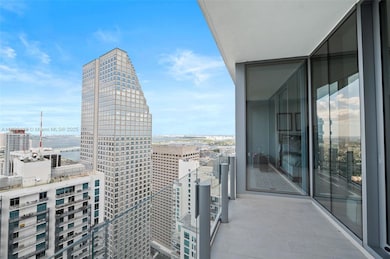 Aston Martin Residences unit 4909W, Miami, FL 33131 - photo 6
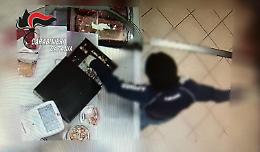 Le rapine a Paternò e la fuga: riconosciuti nonostante il passamontagna, arrestati  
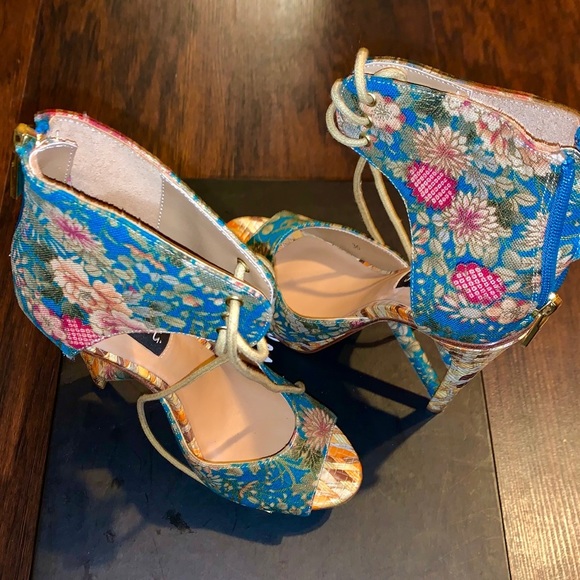 Alejandra G. ‘Yesi’ Floral High Sandal Brand New - Picture 4 of 7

┄┄┄┄┄┄

▶ _The task_: Restating the data word for word is the task, and pictures are to be omitted.

▶ _Solution to this task_:
 Aston Martin Residences unit 4909W, Miami, FL 33131 - photo 6
 Le rapine a Paternò e la fuga: riconosciuti nonostante il passamontagna, arrestati  
 Alejandra G. ‘Yesi’ Floral High Sandal Brand New - Picture 4 of 7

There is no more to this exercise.